Si vous vivez ou travaillez dans une grande ville, vos eaux usées sont acheminées dans une centrale où elles sont traitées chimiquement avant d’être rejetées dans la nature. Ce procédé n’est pas bon marché. La construction d’une centrale de traitement des eaux usées peut à elle seule coûter des millions de dollars. Par exemple, en 2009, la Ville de Winnipeg a finalisé la construction d’une nouvelle centrale de traitement des eaux, qui a finalement coûté 300 millions de dollars.

Il s’agit d’une dépense que bien des collectivités rurales ne peuvent pas se permettre. « Un bassin d’épuration des eaux usées est une excellente solution », lance Paula Grieef, naturaliste en résidence au Centre d’interprétation du marais Oak Hammock (CIMOH).

Situé à une vingtaine de minutes au nord de Winnipeg, près de Stonewall au Manitoba, le CIMOH accueille les visiteurs curieux de découvrir les milieux humides et la faune. Ce centre abrite également le siège national de CIC et l’étang à trois bassins qui traite naturellement les eaux usées.

Depuis que ce bassin a été construit, au début des années 1990, les urbanistes, ingénieurs et promoteurs qui s’intéressent à la gestion des eaux usées l’ont visité. « Nous avons accueilli des visiteurs d’un océan à l’autre et des quatre coins du monde », nous apprend Paula Grieef.

Comment réagissent‑ils en général? « Ils ont tendance à penser que c’est plutôt génial », répond‑elle.

Et c’est vrai.

trois bassins
Du début à la fin, l’étang d’épuration à trois bassins du marais Oak Hammock peut filtrer les eaux usées en l’espace de quelques semaines, affirme Paula Grieef, naturaliste en résidence. « Les eaux grises chassées le 1er mai sont filtrées le 15 juillet et peuvent tout de suite être rejetées dans l’environnement », dit elle, en soulignant que le procédé est ralenti en hiver.
© CIC

À la différence des centrales de traitement des eaux construites de bois et de brique, l’étang à trois bassins du CIMOH assure l’habitat de la faune et assainit les eaux usées sans faire appel à des produits chimiques.

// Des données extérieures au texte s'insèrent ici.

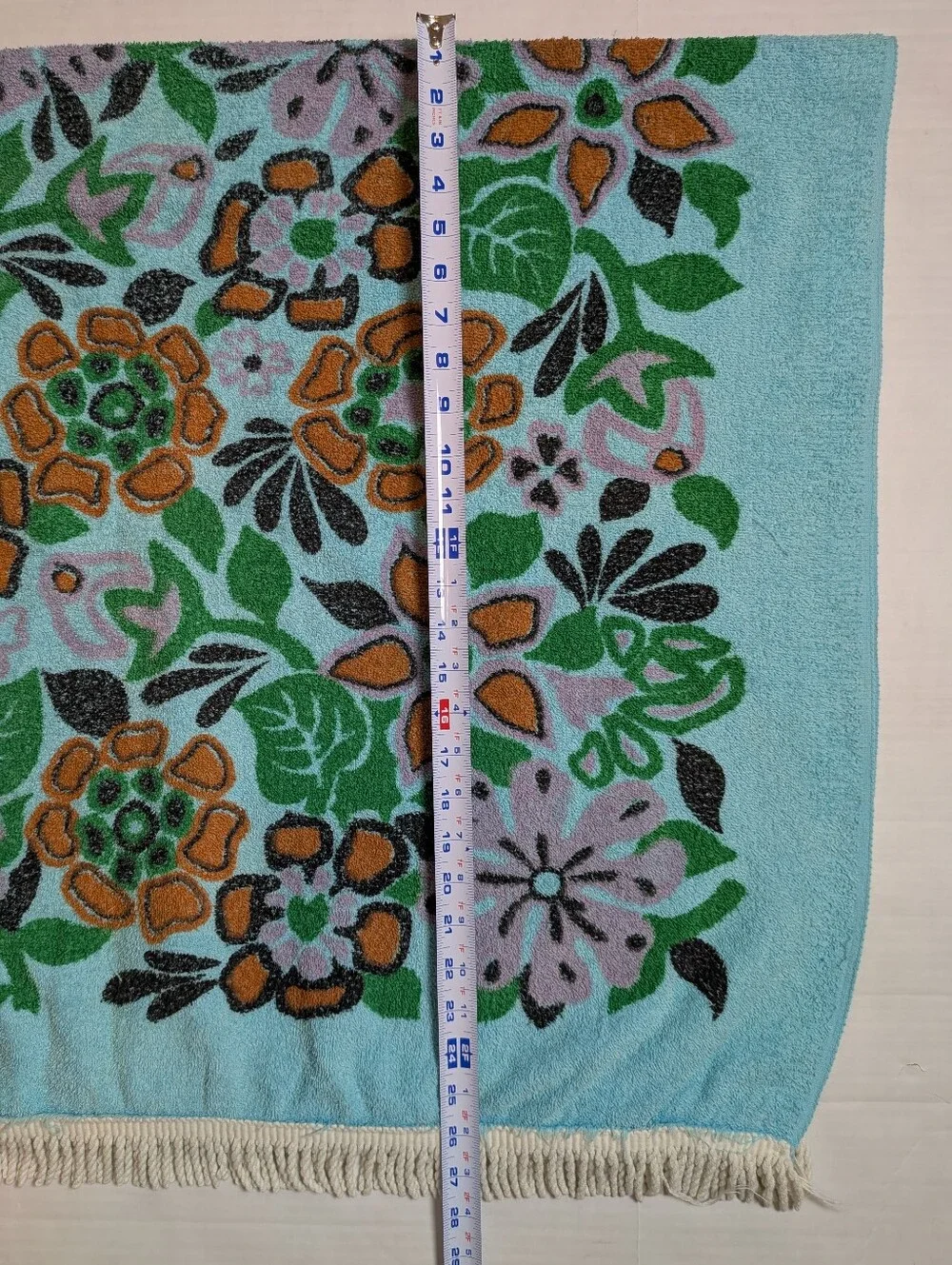 Vintage Bath Beach Towel Turquoise Flowers & Fringes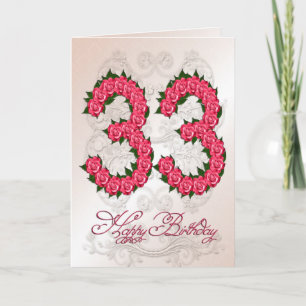 Carte 33e anniversaire avec roses et feuilles
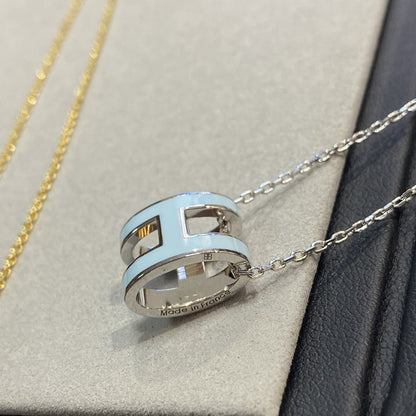 [Noble Jewelry]POP H LIGHT BLUE NECKLACE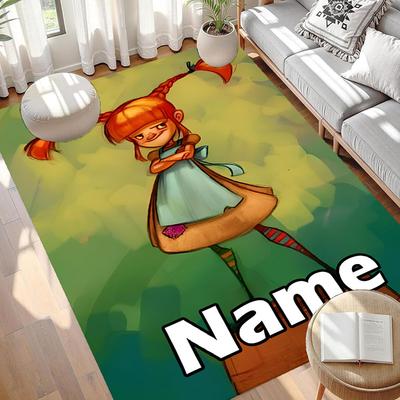 Custom Name Personalized Pippi Longstocking Print Carpet, Versatile Home Decor Rug, for Playroom, Apartment, Balcony, Entryway, Hallway Gift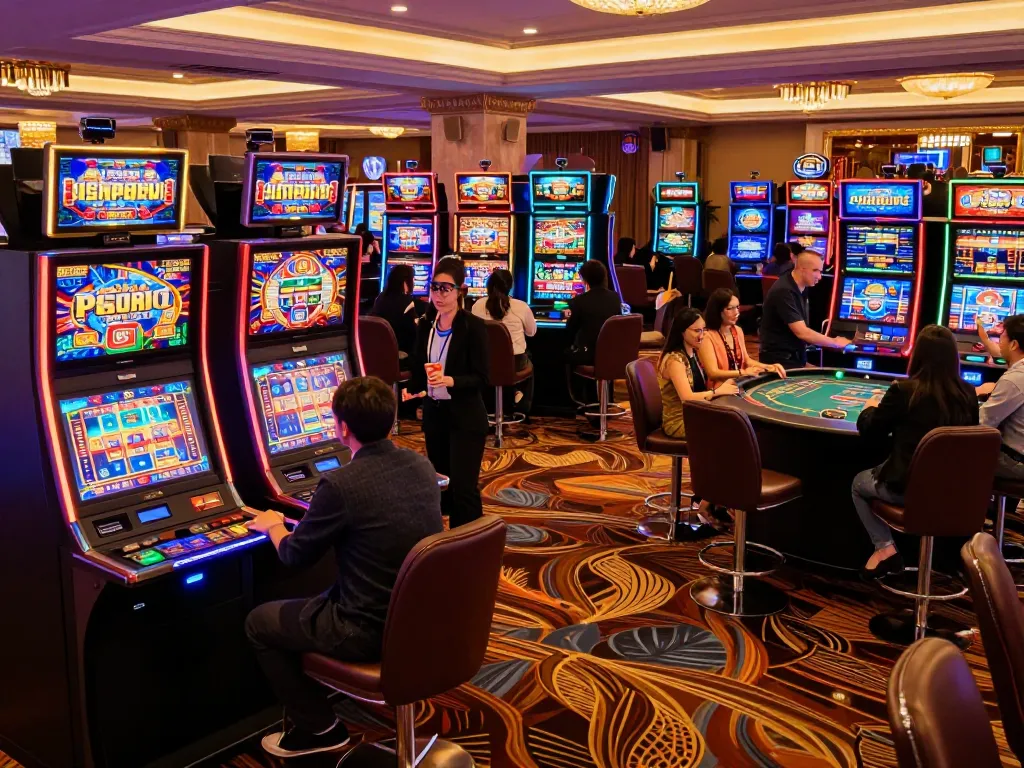 Players enjoying exciting games at PHPVIP, bright slot machines sparkling in a vibrant casino atmosphere.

« Les eaux usées sont rejetées dans notre étang, explique‑t‑elle. Les deux premiers bassins séparent les matières solides des liquides. C’est alors que les bactéries naturelles se mettent à pulvériser les déchets. » L’oxygène, tout comme l’absence d’oxygène, joue un rôle essentiel dans ce procédé.

Lorsque les eaux usées atteignent le troisième bassin tapissé de gravier et peuplé de quenouilles, elles sont prêtes à être rejetées dans la nature. « Le dernier bassin est exceptionnel, puisque la plupart des étangs traditionnels n’en ont que deux », précise-t-elle.

CIC a construit ce troisième bassin pour démontrer que les étangs permettent de filtrer l’eau tout en assurant l’habitat de la faune. Au printemps et en été, « j’y ai vu des rats musqués, des carouges à épaulettes et différentes espèces de canards », ajoute‑t‑elle.

Ainsi, quand il est question de gérer les eaux usées, un étang d’épuration à trois bassins n’est pas seulement une solution de rechange idéale pour remplacer une centrale de traitement onéreuse pour les petites collectivités. « Les canards l’apprécient eux aussi », s’exclame‑t‑elle.